Gheorghe Marin (born January 1, 1952) is a Romanian Naval Forces admiral, who served (until 2011) as Chief of the Romanian General Staff.

== Early life and professional career ==
Gheorghe Marin was born on January 1, 1952, in the village of Negru Vodă, Constanța and completed his pre-university training in civil society. During 1970–1974, he attended the Mircea cel Bătrân Naval Institute in Constanța, upon graduation of which he was appointed commander of the combat navigation and transmission service at the Missile-Carrying Star Division (1974–1978). During his student years, he was a college colleague for two years with Traian Băsescu, the future president of Romania.

After graduating from the Combined Arms Faculty of the Academy of Higher Military Studies (now Carol I National Defence University) in Bucharest (1978–1980), he returned to the same division as a ship commander (1980–1981). During the years 1981–1985, he worked as a staff officer in the Operations Section of the Naval Forces General Staff, then as head of the Design-Programming Workshop in the Naval Forces Computing Center (1985–1989).

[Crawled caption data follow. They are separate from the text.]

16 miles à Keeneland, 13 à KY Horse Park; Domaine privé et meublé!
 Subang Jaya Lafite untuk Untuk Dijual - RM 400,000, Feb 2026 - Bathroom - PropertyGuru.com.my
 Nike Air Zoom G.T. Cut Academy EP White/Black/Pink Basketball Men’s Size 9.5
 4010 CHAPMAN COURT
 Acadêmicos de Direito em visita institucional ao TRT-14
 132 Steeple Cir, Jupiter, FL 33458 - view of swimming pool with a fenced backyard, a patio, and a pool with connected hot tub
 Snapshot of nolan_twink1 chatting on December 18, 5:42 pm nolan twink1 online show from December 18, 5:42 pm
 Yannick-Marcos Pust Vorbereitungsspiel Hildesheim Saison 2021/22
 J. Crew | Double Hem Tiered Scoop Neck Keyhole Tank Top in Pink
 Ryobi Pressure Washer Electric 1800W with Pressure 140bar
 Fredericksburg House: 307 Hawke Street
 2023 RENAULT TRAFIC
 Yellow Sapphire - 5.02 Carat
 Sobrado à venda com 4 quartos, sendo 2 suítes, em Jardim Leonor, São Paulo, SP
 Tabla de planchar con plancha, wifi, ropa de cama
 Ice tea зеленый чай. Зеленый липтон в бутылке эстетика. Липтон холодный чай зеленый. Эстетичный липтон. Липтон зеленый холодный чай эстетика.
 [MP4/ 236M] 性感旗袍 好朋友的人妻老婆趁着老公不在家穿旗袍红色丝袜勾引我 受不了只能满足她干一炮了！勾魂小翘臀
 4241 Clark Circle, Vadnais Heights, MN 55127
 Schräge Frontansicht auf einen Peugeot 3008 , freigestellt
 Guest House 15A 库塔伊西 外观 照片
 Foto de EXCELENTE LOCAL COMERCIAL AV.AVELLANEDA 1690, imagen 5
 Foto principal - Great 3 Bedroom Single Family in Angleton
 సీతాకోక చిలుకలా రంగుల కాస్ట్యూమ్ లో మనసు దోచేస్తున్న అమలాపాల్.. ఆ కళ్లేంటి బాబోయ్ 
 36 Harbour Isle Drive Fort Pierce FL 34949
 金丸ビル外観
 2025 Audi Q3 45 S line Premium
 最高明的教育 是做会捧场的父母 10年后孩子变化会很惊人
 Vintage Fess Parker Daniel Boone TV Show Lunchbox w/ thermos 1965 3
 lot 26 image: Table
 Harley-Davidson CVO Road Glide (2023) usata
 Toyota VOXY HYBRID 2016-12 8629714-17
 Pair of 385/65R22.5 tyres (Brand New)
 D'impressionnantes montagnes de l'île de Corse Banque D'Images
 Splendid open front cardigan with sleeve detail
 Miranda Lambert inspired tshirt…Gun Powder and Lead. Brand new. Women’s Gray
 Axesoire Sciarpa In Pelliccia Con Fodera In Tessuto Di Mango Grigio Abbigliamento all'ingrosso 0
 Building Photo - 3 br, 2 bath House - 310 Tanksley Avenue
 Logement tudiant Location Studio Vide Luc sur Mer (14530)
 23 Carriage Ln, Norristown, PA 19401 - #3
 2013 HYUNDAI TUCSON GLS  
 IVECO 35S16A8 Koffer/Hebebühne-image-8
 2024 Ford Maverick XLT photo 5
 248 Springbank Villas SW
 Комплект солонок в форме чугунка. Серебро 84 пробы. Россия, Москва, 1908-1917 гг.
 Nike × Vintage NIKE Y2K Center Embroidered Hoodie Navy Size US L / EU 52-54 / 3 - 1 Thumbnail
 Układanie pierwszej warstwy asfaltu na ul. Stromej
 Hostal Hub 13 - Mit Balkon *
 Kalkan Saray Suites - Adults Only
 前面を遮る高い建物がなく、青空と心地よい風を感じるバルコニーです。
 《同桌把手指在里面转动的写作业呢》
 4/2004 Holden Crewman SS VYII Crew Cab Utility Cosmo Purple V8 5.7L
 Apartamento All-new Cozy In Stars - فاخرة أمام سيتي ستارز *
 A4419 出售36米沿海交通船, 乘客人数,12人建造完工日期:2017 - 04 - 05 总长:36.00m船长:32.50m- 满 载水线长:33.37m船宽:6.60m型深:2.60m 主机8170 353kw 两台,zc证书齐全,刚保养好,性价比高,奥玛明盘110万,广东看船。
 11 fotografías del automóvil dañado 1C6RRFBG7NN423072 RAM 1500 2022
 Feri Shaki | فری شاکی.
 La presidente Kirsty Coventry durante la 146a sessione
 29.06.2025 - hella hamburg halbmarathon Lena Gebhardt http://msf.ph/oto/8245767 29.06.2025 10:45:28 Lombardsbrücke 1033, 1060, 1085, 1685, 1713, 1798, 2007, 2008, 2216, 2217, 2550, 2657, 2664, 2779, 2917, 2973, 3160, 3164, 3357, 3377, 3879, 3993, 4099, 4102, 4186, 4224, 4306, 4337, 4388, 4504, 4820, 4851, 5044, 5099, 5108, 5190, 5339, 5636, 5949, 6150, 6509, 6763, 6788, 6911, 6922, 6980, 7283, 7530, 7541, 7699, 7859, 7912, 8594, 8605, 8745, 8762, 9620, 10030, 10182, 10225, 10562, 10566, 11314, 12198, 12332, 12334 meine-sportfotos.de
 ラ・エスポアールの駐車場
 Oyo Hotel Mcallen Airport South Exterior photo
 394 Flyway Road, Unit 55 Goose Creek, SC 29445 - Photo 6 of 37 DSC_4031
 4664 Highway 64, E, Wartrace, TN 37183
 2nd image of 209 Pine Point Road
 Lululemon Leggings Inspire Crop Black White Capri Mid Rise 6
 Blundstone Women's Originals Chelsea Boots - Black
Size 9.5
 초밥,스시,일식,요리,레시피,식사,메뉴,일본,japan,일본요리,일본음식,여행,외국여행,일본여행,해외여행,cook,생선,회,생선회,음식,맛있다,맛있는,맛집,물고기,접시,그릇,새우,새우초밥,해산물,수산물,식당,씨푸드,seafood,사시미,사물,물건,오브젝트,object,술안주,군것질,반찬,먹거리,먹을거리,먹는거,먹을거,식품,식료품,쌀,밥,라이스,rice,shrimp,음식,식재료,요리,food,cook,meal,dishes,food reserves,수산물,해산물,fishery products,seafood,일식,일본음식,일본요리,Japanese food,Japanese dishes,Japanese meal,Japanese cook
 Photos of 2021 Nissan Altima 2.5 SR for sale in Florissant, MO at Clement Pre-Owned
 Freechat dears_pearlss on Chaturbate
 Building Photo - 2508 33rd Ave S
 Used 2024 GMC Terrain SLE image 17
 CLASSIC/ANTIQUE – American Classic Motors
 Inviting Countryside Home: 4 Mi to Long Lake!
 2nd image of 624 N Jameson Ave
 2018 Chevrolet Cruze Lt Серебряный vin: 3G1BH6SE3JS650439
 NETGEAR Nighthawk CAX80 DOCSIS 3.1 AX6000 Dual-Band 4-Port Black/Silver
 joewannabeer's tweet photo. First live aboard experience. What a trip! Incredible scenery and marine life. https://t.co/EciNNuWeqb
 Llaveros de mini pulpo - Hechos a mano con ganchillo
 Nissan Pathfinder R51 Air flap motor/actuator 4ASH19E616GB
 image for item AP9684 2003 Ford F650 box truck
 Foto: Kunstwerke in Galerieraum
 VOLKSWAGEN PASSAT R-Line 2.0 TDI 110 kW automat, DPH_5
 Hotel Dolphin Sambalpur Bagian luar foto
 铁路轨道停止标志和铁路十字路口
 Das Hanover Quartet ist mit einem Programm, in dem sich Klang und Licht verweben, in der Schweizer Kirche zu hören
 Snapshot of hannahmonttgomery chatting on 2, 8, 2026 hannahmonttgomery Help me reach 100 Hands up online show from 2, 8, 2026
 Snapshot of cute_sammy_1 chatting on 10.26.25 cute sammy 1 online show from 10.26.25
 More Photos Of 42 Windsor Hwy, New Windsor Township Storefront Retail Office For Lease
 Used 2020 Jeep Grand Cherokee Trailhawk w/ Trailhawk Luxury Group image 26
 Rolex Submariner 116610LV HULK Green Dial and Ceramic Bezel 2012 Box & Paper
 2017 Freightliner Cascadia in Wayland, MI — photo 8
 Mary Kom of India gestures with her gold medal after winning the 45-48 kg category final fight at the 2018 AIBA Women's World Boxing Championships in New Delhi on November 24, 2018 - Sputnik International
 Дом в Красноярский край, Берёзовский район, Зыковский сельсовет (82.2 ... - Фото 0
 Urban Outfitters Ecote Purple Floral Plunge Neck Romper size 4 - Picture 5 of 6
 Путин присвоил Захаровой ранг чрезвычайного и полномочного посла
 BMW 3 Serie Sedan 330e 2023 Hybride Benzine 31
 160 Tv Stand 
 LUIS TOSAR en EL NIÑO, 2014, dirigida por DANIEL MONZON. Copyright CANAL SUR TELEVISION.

In parallel, since 1982 he has been a student at the Faculty of Planning and Economic Cybernetics within the Bucharest Academy of Economic Studies, whose courses he graduated in 1987. Between 1989 and 1995, he held the position of Head of the Naval Forces Computing Center. In 1993, he obtained the scientific title of Doctor of Military Sciences, specialty leadership and automation of troop command. He was then, from 1995 to 1999, the commander of the Naval Forces Radioelectronic Research and Observation Brigade.

== Continued education ==
After graduating from the International Course on Defense Strategy and Economics organized at the George C. Marshall European Center for Security Studies in 1999, in the same year, Marin was appointed as Commander and Rector of the Mircea cel Bătrân Naval Academy, a position he held between 1999 and 2003. On October 25, 2000, he was promoted to the rank of Fleet Rear Admiral.

During this period, he continued his specialized postgraduate studies, graduating from the National Defense College (2000), as well as the Course for Generals and Admirals at the NATO Defense College in Rome (2003).

== High commands ==
On 24 October 2003, he was promoted to the rank of rear admiral and appointed as Director of the General Staff (2003–2004). On 1 April 2004, he was appointed to the position of Commander of the Navy, and on 29 November 2005, he was promoted to the rank of three-star vice admiral. On 13 September 2006, he was appointed Chief of the Romanian General Staff, the first naval officer to hold the position in its almost 150-year history. On 4 November that year, he was made a full admiral. Gheorghe Marin thus became the first active four-star admiral of the Romanian army. He served until 31 December 2010

== Awards ==

- Knight of the Order of the Star of Romania (2004)
- Order of Military Merit (3rd, 2nd and 1st class)
- Military Merit Medal (3rd, 2nd and 1st class)
- Order of Merit of the Italian Republic
- Honorary Emblem of the Romanian Army (on October 25, 2007).